August 30, 2013 at 12:30 PM | categories: Mozilla

Have you ever wondered what the machines in Mozilla's automation infrastructure are doing all the time? I have. So, I decided to create a visualization of this data. You can find it at http://automation-dashboard.paas.allizom.org/.

When you start looking at the visualizations, you notice something: there's a lot of time when machines aren't doing anything! All that white space between jobs is time machines are not processing jobs. This is capacity Mozilla is failing to utilize.

While some may say Mozilla's automation infrastructure has a load or capacity problem, I say it has an efficiency problem. The average machine in our automation infrastructure is doing work less than 50% of the time during weekdays. Now, some of this might be VMs that are powered off (due to low demand). But considering physical machines are also under-utilized, I'd say it's a global problem.

Oh, and don't get too hung up with a machine-job efficiency metric. While important, it's only part of the problem. When jobs are running, they are typically only using a fraction of the CPU available to them. From data now available in mozharness, we know that many test suites only use 10-15% CPU. If you combine this with sub-50% machine utilization in terms of jobs, I estimate we're only utilizing somewhere between 5-10% of available CPU cycles in our automation infrastructure. We have a magnitude more capacity in the machines we already have. We don't have a capacity problem, we have an efficiency problem. In my opinion we should throw less time and money at new hardware and invest in maximizing the return from what we have.

Edit 2013-09-03

I started a thread about this data in another forum and others have pointed out that the data in this post is incomplete. Notably absent from this data is when on-demand EC2 instances are shut down, when there are or aren't jobs scheduled (if jobs aren't scheduled, poor machine utilization isn't such a big deal), and when some maintainence tasks are performed (e.g. Panda boards are checked for consistency between jobs).

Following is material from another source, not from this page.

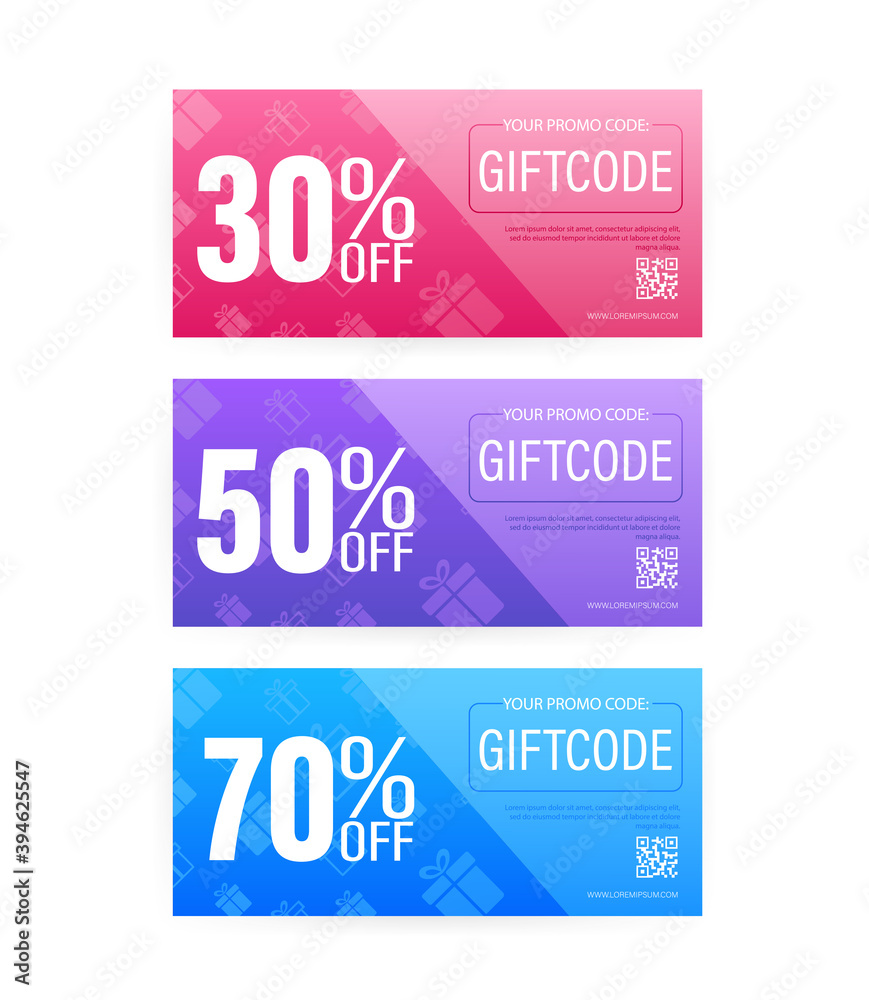 Different Modern birthday card with red giftcode for banner design. giftcode in modern style. Christmas banner. Vector design. Special offer sale template. Coupon ticket card. Different Modern birthday card with red giftcode for banner design. giftcode in modern style. Christmas banner. Vector design. Special offer sale template. Coupon ticket card.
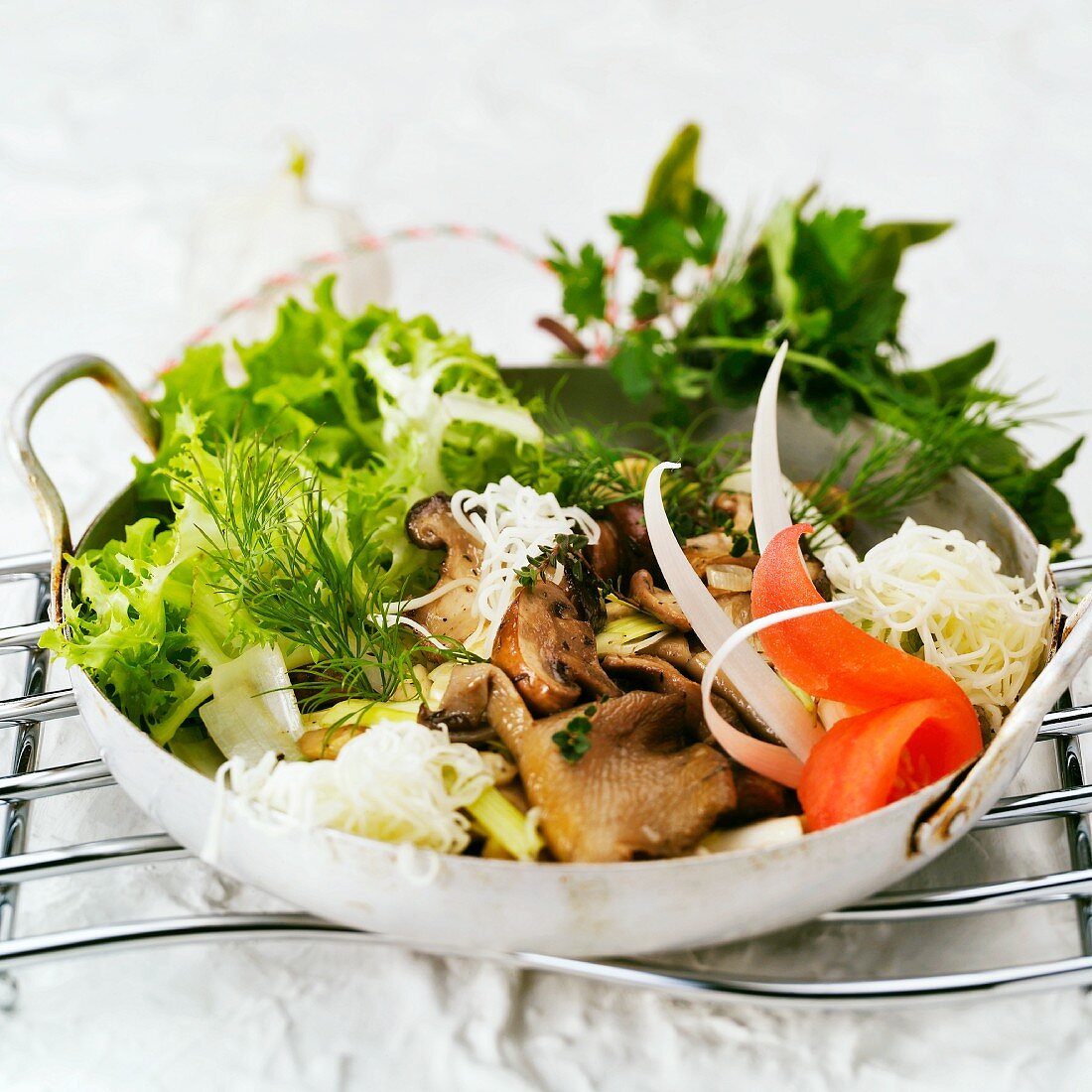 Mixed salad with fried mushrooms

While we could probably hook job scheduling data up to the graph and numbers easily, I don't believe data on slave uptime or background tasks is publicly available. Perhaps we should publish this data to facilitate deeper analysis.

A goal of this post was to shed light on how little we utilize some of the machines in our automation infrastructure in order to inspire a conversation and ultimately to address the perceived problem. It was not a goal to point fingers and cast blame. If I inadvertently performed the latter or seemed to jump to conclusions based on incomplete data, I apologize.